Tuesday, 14 July 2009

The San Andreas Default?

The State of California is paying people with IOUs, because it is broke. Well, perhaps not broke (Willem Buiter points out its debt levels are comparatively trivial) but stuck with a broken political system. Like a lot of US States it lives under a formal constitutional requirement of having to balance the budget. But since its' political representatives can neither agree the formal definition of a balanced budget nor, especially, agree a budget which requires a 2/3rds majority in each of their two State houses, it is paying people with what Buiter calls 'funny money'.
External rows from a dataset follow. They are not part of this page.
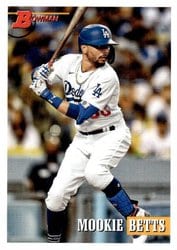 2021 Bowman Heritage Base Set Mookie Betts #20 card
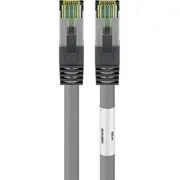Goobay Rj45 patch kabelis Cat 6A. ar 8.1 S Ftp neapstrādātu kabeli. kabeļa garums 10 m Kabel patchowy Mhz surowym kablem S/Ftp. kabla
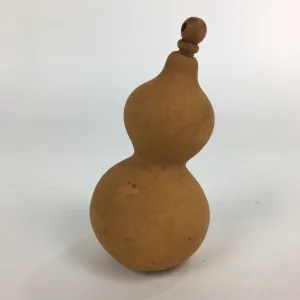 Japanese Hyotan Natural Gourd Sake Bottle Brown Lucky Charm Calabash G235
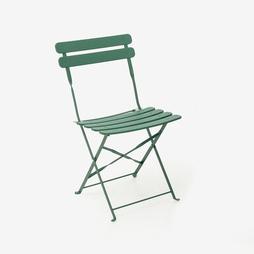 Oferta de Set de jardín plegable de mesa y 2 sillas de acero verde Bistro por 119€ en Casa Viva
Paul Solman summarises the impasse:

"California is desperate. Like so many of us, it lived beyond its means, or taxed below its spending, or both. Three classes are now resisting the reckoning: those who "spent" the money and owe the shortfall (taxpayers); those on whom the money was spent (employees, vendors, other recipients of state funds); and those who loaned the state money (bondholders). Understandably, no class wants to take the hit, or take the hit first. For political reasons at least, the Obama administration is reluctant to come to the rescue...."
Buiter reckons the only way out is direct rule from Washington, though the comment on his blog suggests he has a bit of a tin ear for American constitutional niceties and, ahem, 'States Rights' to coin an unfortunate phrase. (Which doesn't mean he can't still be right on this point). He says,
"When the banks stop accepting the IOUs except possibly at massive discounts, which will happen soon unless an early resolution of the budgetary stalemate is achieved, the state of California will close down for business. Municipalities and counties dependent on state funds will follow suit. Before long the teachers won’t teach, the fire fighters won’t fight fires, the police won’t maintain law and order and neither garbage nor taxes will get collected. It will be a grand Hobbesian experiment."
Hence his expectation of federal intervention.

But the really interesting question, at least for a saddo like me, is whether these IOUs constitute money. Mark Thoma discusses this point, and the comments on his post educate this Brit on one of the less well known passages of the US Constitution,

"Article I, Section 10 of the US Constitution:

Powers prohibited of States

No State shall enter into any Treaty, Alliance, or Confederation; grant Letters of Marque and Reprisal; coin Money; emit Bills of Credit*; make any Thing but gold and silver Coin a Tender in Payment of Debts; pass any Bill of Attainder, ex post facto Law, or Law impairing the Obligation of Contracts, or grant any Title of Nobility." (my emphasis)

So, on one reading, there's no need to wait for Willem Buiter's 'grand Hobbesian experiment': California has already declared Independence and it's time for Obama to send in the troops and restore the Union.